Records shown>
^^^^^^^^
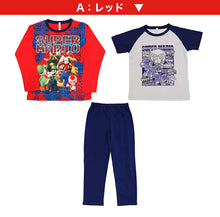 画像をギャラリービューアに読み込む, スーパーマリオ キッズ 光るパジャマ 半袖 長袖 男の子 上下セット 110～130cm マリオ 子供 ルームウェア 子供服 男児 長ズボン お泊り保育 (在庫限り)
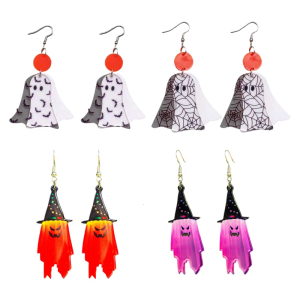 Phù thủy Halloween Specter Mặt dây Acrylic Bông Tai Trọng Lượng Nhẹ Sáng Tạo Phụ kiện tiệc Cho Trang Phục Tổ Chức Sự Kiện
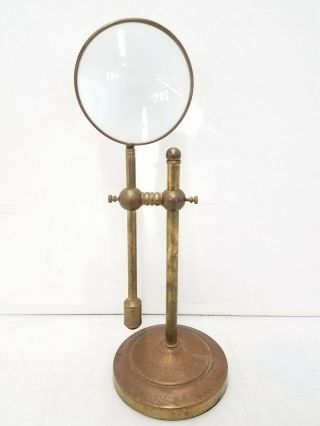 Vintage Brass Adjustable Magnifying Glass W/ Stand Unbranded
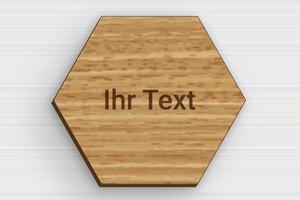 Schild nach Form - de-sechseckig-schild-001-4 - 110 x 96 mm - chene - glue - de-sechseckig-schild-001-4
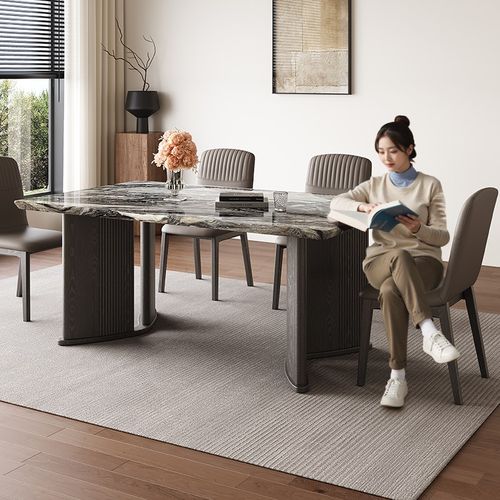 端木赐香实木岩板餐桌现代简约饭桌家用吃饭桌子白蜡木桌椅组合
^^^^^^^^
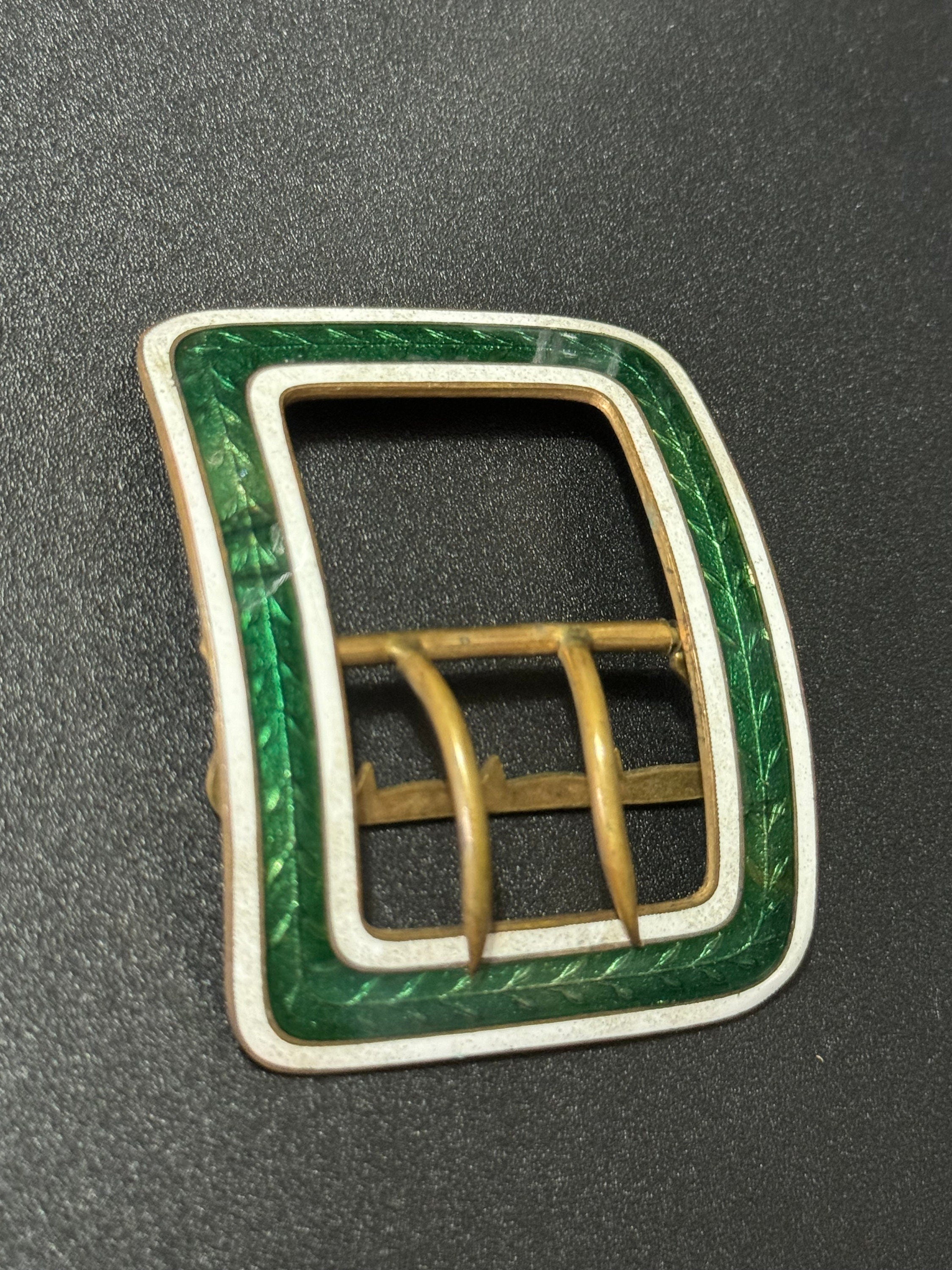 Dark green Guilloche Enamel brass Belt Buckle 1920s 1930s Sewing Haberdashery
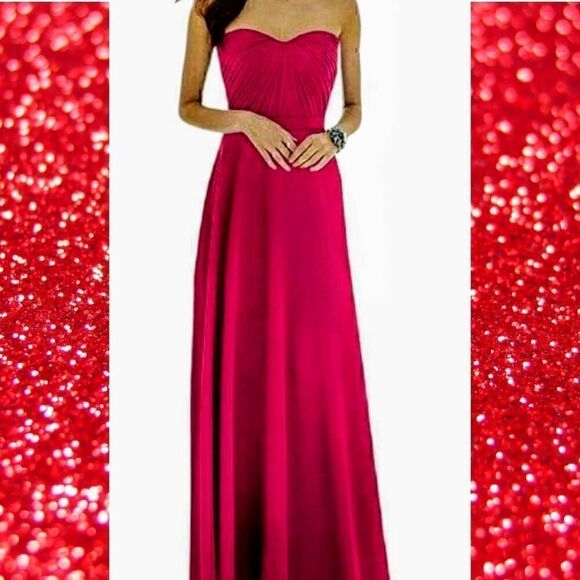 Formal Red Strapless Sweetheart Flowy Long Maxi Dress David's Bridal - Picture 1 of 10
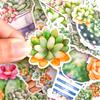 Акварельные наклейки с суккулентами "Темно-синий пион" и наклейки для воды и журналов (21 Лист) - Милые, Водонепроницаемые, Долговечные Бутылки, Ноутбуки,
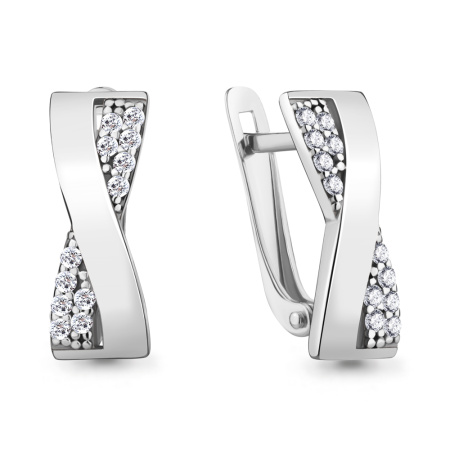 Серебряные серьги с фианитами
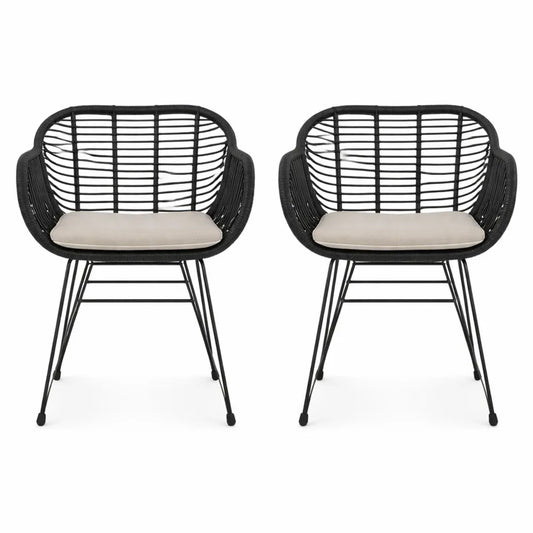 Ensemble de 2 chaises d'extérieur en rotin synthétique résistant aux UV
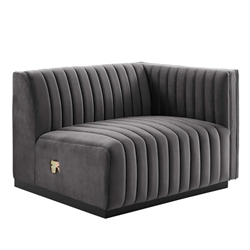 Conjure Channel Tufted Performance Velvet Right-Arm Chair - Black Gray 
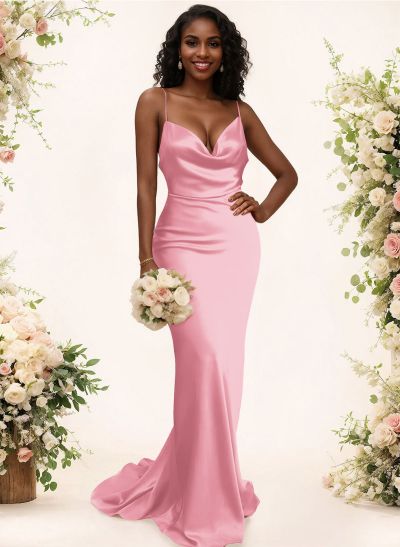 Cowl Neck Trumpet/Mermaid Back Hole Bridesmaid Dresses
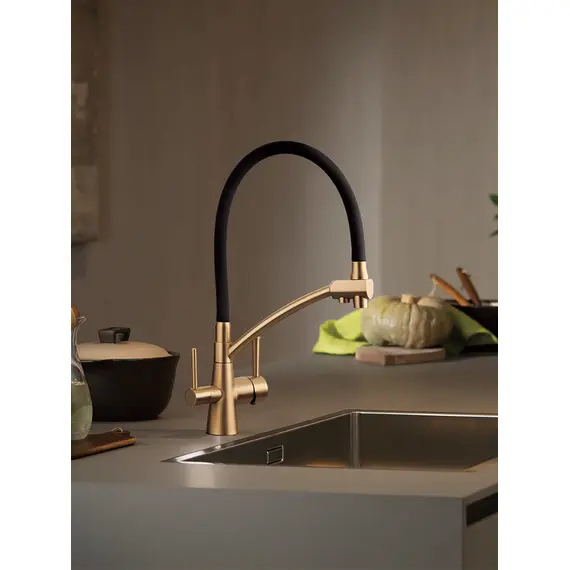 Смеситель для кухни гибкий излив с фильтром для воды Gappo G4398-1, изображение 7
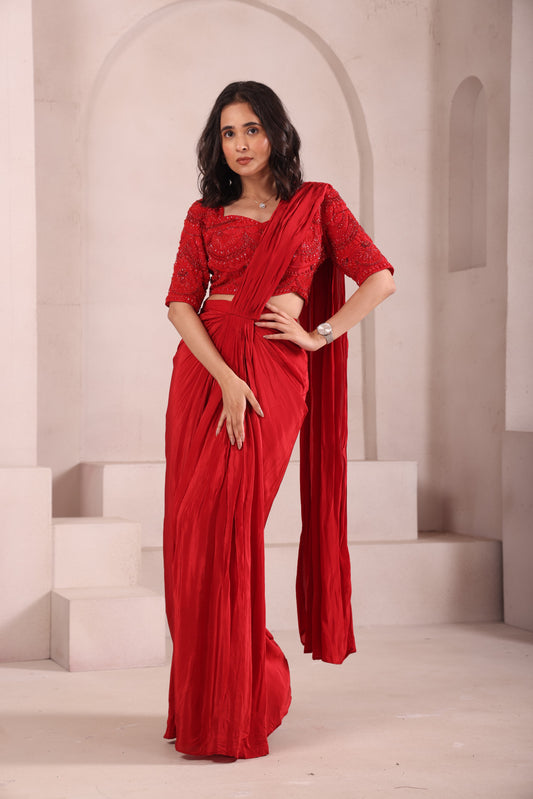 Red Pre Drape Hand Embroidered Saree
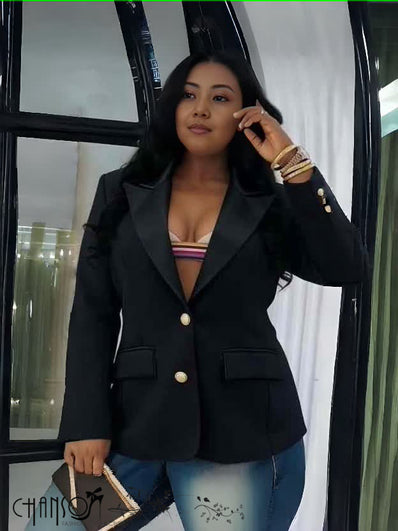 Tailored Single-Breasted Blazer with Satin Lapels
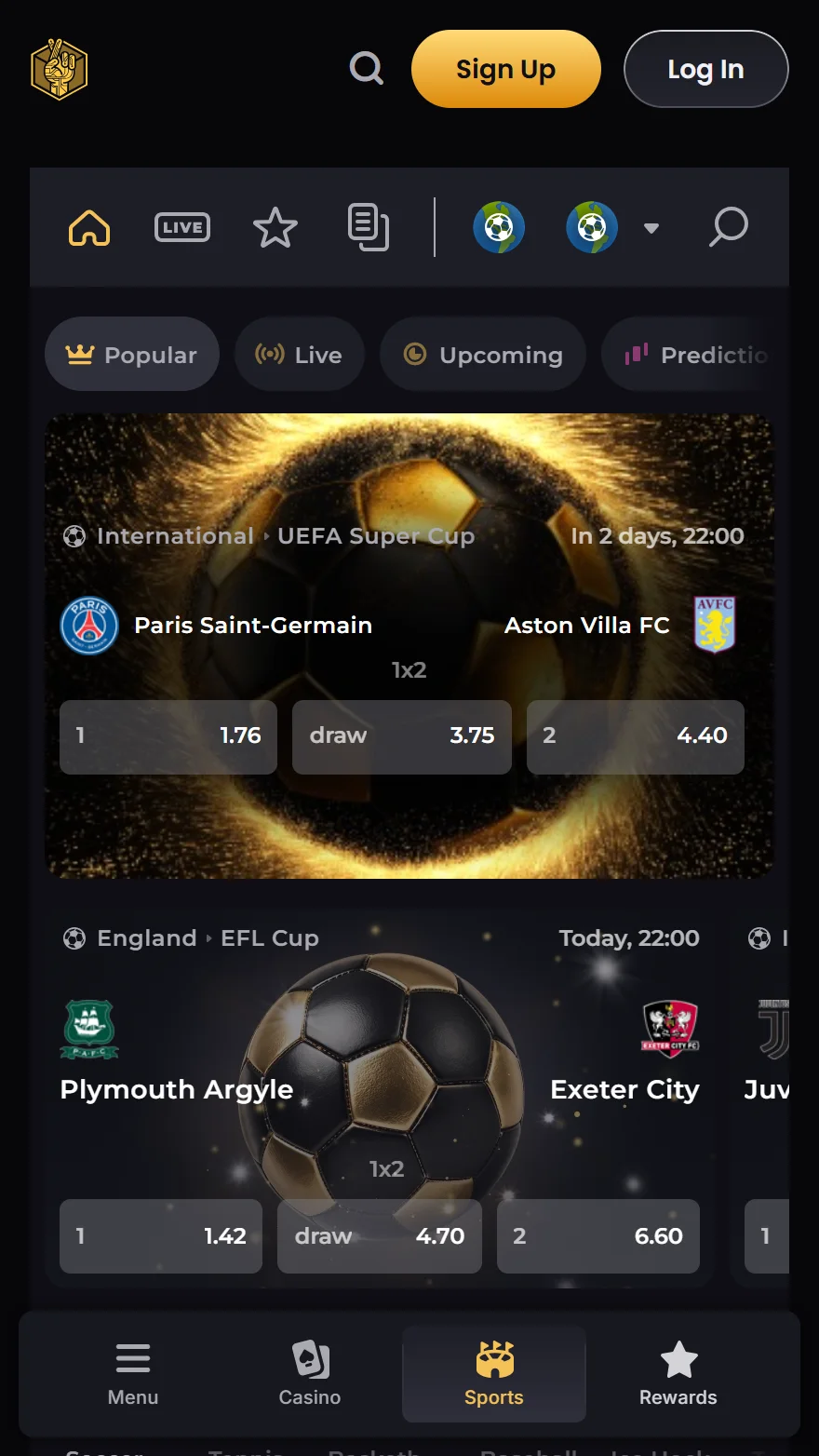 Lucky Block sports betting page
^^^^^^^^
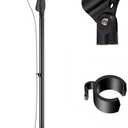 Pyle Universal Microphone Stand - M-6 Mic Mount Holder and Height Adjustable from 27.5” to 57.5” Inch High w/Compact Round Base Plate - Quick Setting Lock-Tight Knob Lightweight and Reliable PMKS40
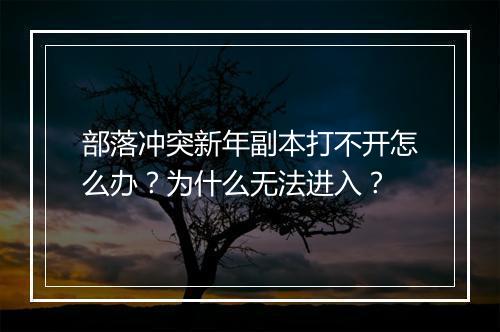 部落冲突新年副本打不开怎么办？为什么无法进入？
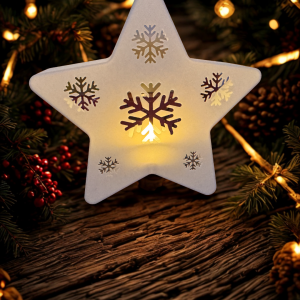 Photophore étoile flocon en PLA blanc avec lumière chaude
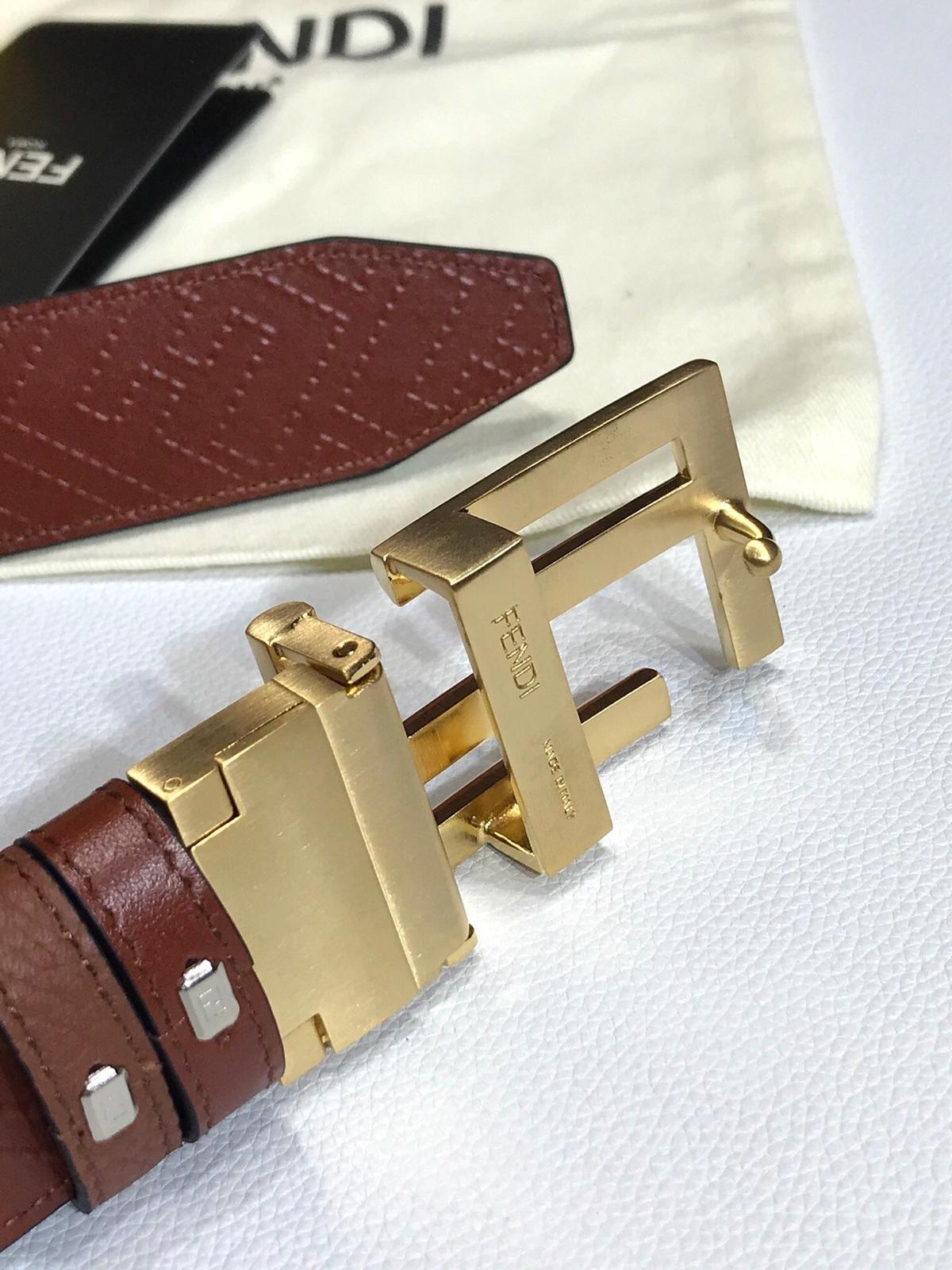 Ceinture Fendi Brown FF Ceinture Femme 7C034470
^^^^^^^^
The task>
Look through the listing above for the line with "部落冲突新年副本打不开怎么办？为什么无法进入？" and the line with "Ceinture Fendi Brown". Write out exactly those lines and everything between, leaving out pictures.

Result of the task>
 部落冲突新年副本打不开怎么办？为什么无法进入？
 Photophore étoile flocon en PLA blanc avec lumière chaude
 Ceinture Fendi Brown FF Ceinture Femme 7C034470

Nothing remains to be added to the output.